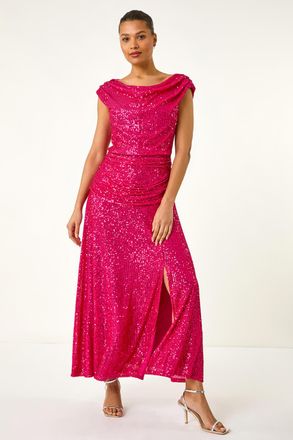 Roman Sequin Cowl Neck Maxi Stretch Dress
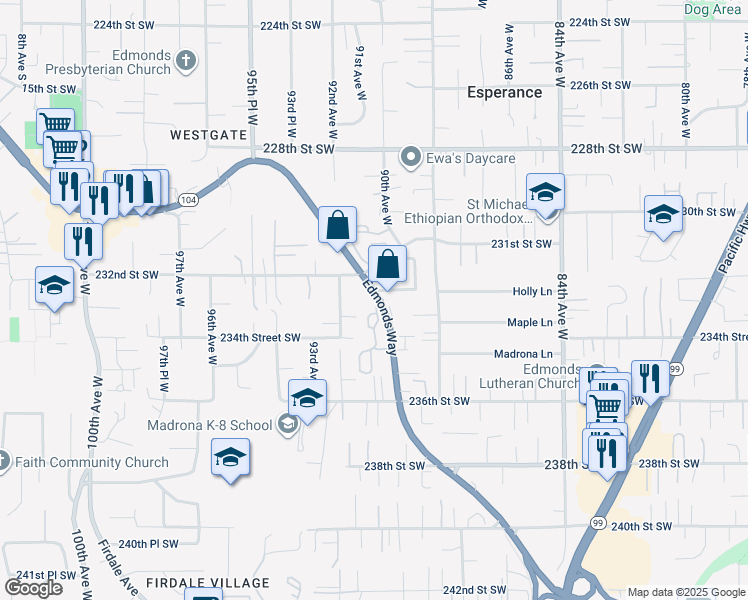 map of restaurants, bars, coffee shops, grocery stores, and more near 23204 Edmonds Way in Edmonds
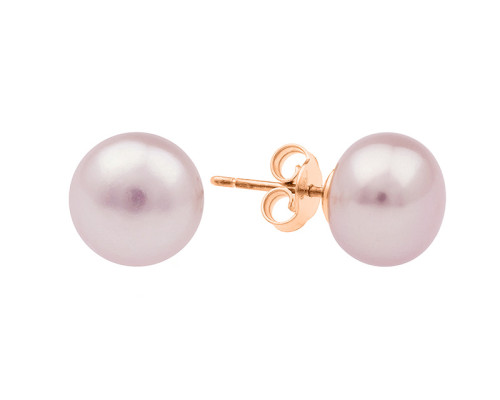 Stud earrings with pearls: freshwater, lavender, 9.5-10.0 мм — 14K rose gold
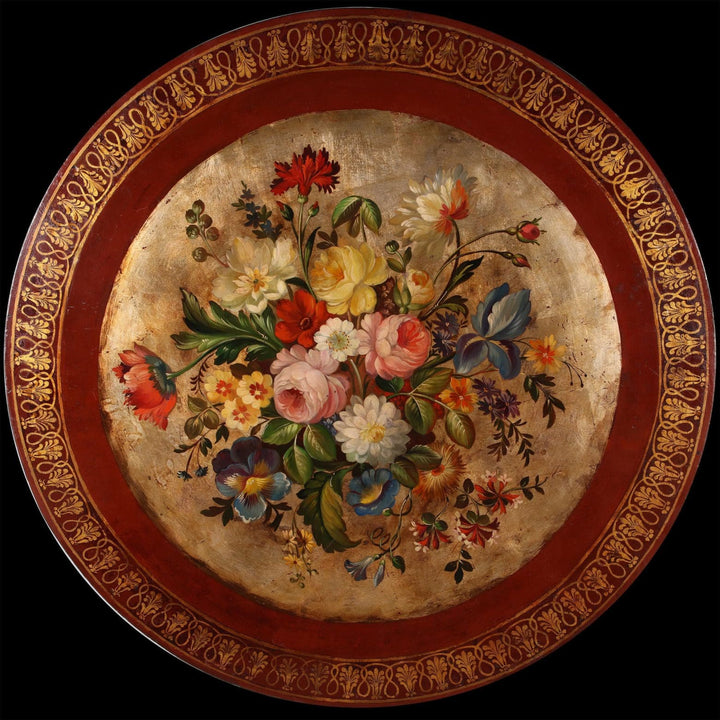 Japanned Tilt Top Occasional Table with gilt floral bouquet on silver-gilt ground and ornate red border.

● ● ● ● ●

__Task description__. With the pictures omitted, copy exactly the lines from the line that contains "map of restaurants, bars, coffee" through the end of the material.

__Solution to the exercise__.
 map of restaurants, bars, coffee shops, grocery stores, and more near 23204 Edmonds Way in Edmonds
 Stud earrings with pearls: freshwater, lavender, 9.5-10.0 мм — 14K rose gold
 Japanned Tilt Top Occasional Table with gilt floral bouquet on silver-gilt ground and ornate red border.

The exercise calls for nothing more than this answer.